I first heard about her - as did the rest of the family - when Uncle Dudley (my grandfather's twin brother) died and his will became known. It transpired that he was a very wealthy man. This fact was not fully realised by the rest of the family because he had lived a very reclusive life, avoiding his family in an extremely executive way. Maybe the vagaries of Uncle Dudley could be explored more deeply in another entry sometime.

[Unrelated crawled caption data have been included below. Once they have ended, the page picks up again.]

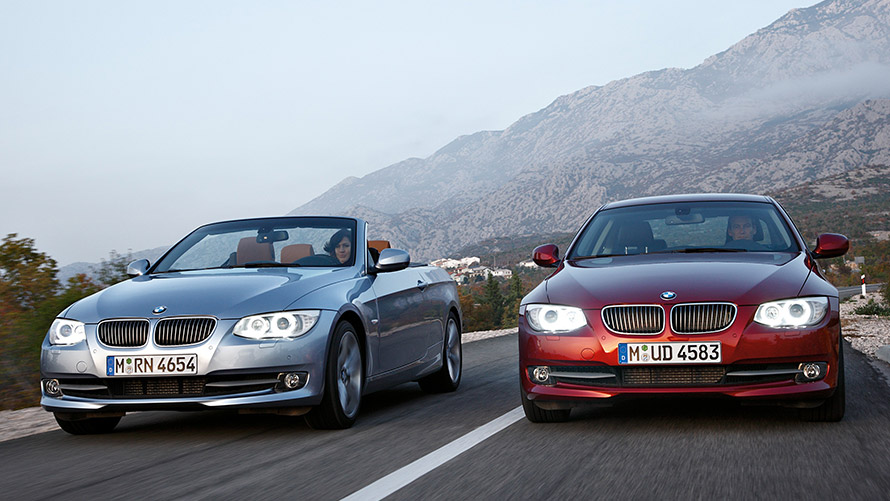 BMW סדרה 3 E90 BMW סדרה 3 קבריולה דור חמישי E93 מבט קדמי ברחוב דגמי BMW סדרה 3 BMW סדרה 3 E90 קבריולה דור חמישי E90 מבט קדמי ברחוב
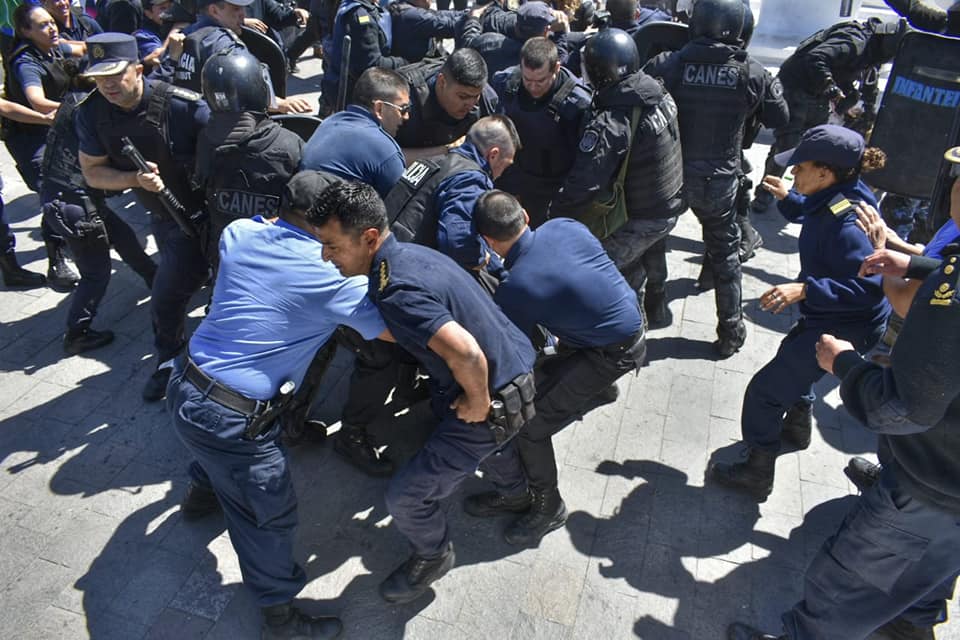 eduardolopezute's tweet image. CTERA convoca a #ParoNacionalDocente
VIERNES 8 DE NOVIEMBRE 
¡Basta de represión en Chubut!
-Inmediata liberación de Santiago Goodman, Sec. Gral de ATECH.
-Urgente solución al conflicto educativo, devolución de los descuentos ilegales y pago de todas las deudas.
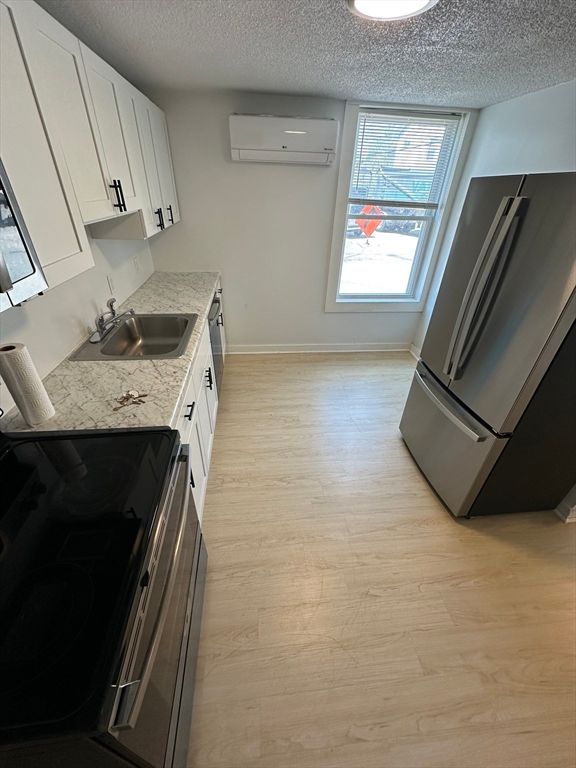 124 Felton St 1, Waltham, MA 02453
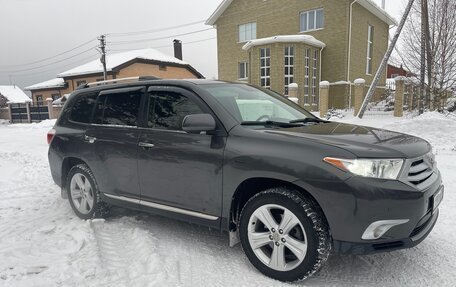 Toyota Highlander III, 2012 год, 1 750 000 рублей, 6 фотография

Anyway, when the will was read he had left £20,000 to his 'other sister-in-law' by which I mean, not my grandmother. Anyway, Auntie Jeanette was to get the income for life and then the principle was to go to the Salvation Army, which infuriated her. The rest of his estate was left to his divorced wife if she was still alive and if not the money was to go to the Salvation Army. *grin* this infuriated the rest of the family, not because they had missed out on the money but because he had married and divorced without bothering to mention it to his relatives and this was the first that they had heard about it.
Anyway, thanks to the newspapers I discovered the report of the divorce and from there, with some help from the community board of www.genealogy.com we traced her and her very short-lived marriage which lasted a bit over two years.
Both my uncles did the divorcing, accusing their wives of adultery, and since both of them must have been rather strange men the women were probably happy to be freed to pursue their own happiness.
However, I still can't find any trace of my great great grandfather Edward Davies. He seems to have managed to transport his family to Australia from Wales, set up a successful business and vanish without a trace along with all his works. I have found one mention of a daughter - sister to my great grandfather, also Edward Davies - a Mrs Baldwin, but can't find any mention of a marriage and I still have no names. It is very frustrating!!!!!
And your cyberflirt hint for today ...
Develop carpal tunnel syndrome
I really must read the book to find out why that is such a good idea - it is really rather a painful affliction.